The first thirty minutes of WALL-E include virtually no dialogue at all, as we follow WALL-E along his daily trash collecting routine, until he meets EVE.  Yet the amazing thing is that we feel for him.  His efforts to win over EVE are truly charming, and bring to mind silent Charlie Chaplin comedies.  As with all Pixar films, the animation is truly amazing, depicting the remains of a once-vibrant planet.  After a few minutes, I was so transfixed that I forgot I was watching an animated film.  After this long, haunting sequence, I admit that the shift to the cruise ship is a bit of a letdown.  Even the cruise ship has a great deal of humor, and lovely sequences, such as WALL-E and EVE dancing through space while captivated humans, who haven’t danced in centuries, look on in amazement. 

For all its animated wizardry with robots, WALL-E works so well because it is grounded.  Unlike the other summer superheroes, WALL-E doesn’t seek to work miracles or defeat evil empires or find that he possesses superhuman powers.  He just wants to connect to another like himself.  He finds that the amazing power of touch, as Jesus did.  EVE, as her Biblical name implies, is the mother of a new Earth, finding life, bringing people back home. 
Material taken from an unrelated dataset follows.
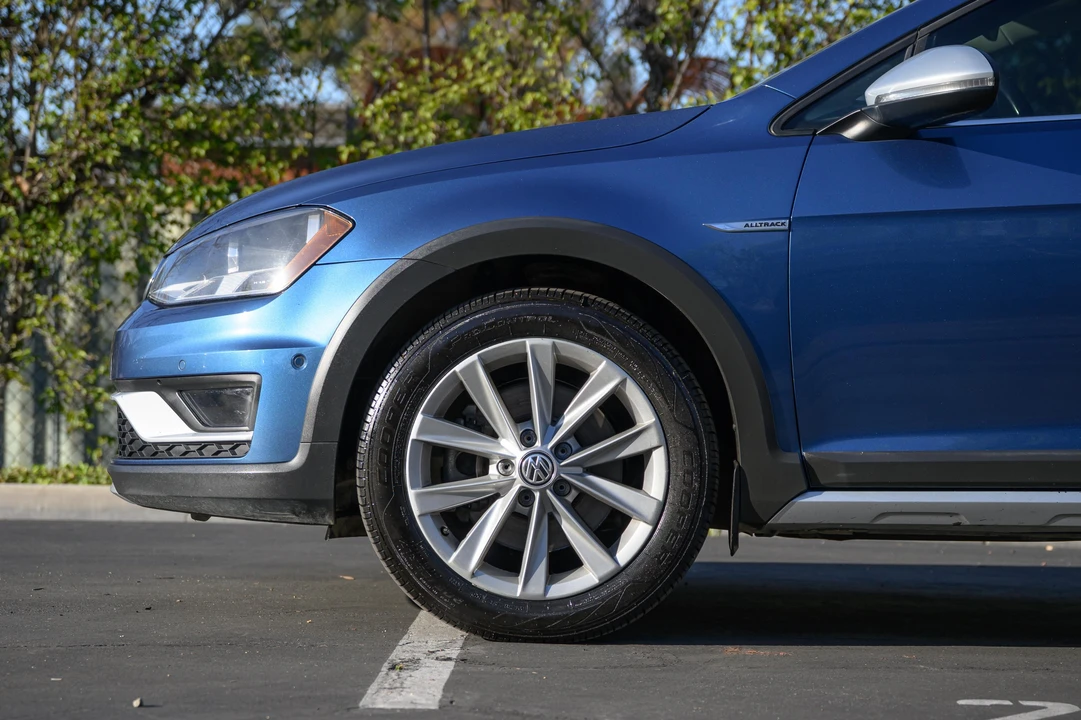 2017 Volkswagen Golf Mk7 - Image 26 of 31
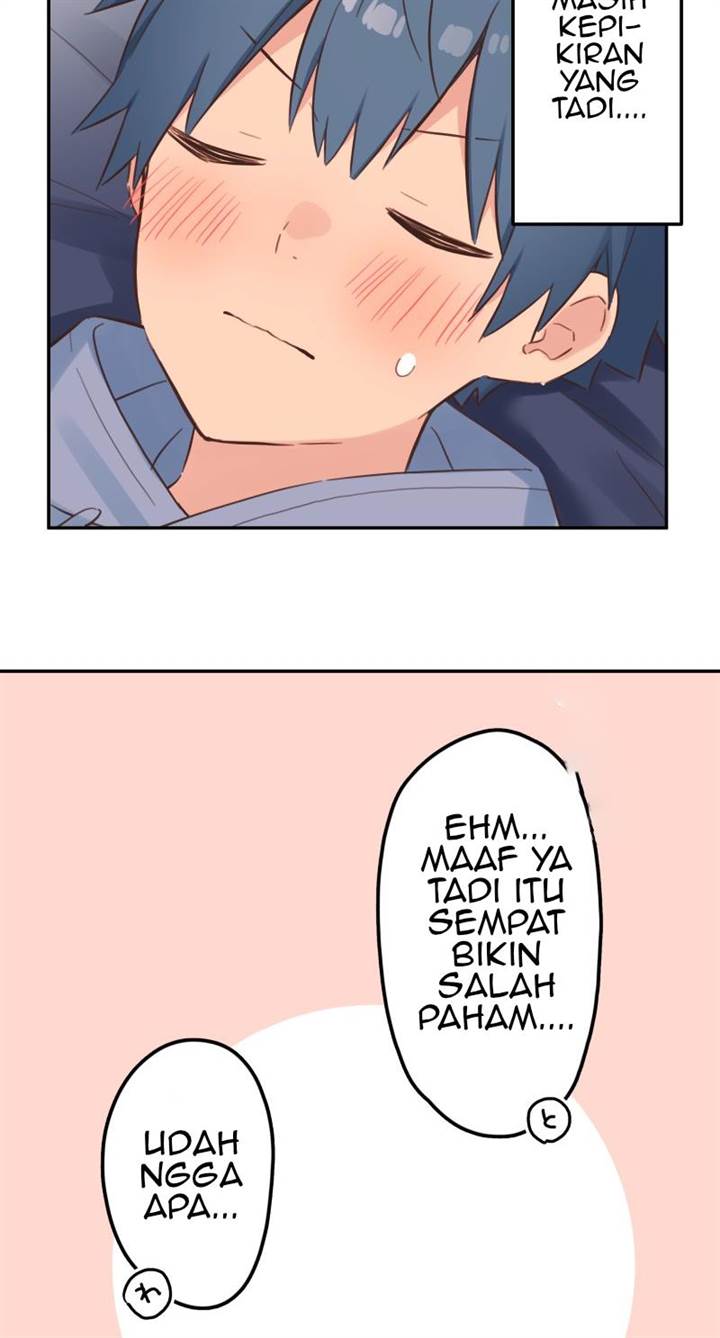 Chapter 167 - halaman 31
WALL-E is certainly a big risk for Pixar.  At the same time it is simple, yet profound, touching, yet prophetic.  It is cognizant of present issues, from the environment to rampant consumerism (the universe seems to be run by a conglomerate called BNL, standing for “Big and Large”), to obesity, to alienation.  Yet there is a timeless quality about WALL-E, as with the Chaplin classics, 2001, ET, and other films to which it is being compared.  Writer-director Andrew Stanton (Finding Nemo) and the entire creative Pixar team, has given us a modern-day classic.  I think it will be enjoyed and discussed for years to come.

I hope you all see it and are as captivated by it as I was.  I know I’ll be back to see it again soon.

Tom Condon, OP

editor's note:

"WALL-E" is preceded by a delicious animated short, "Presto," a five-minute gem about a magician and his rebellious rabbit, also from Pixar.


WALL-E is an acronym for Waste Allocation Load Lifter Earth-Class.










For viewers of any age, this is an instant classic.

The USCCB Office for Film & Broadcasting classification is A-I -- general patronage.
The Motion Picture Association of America rating is G -- general audiences. All ages admitted.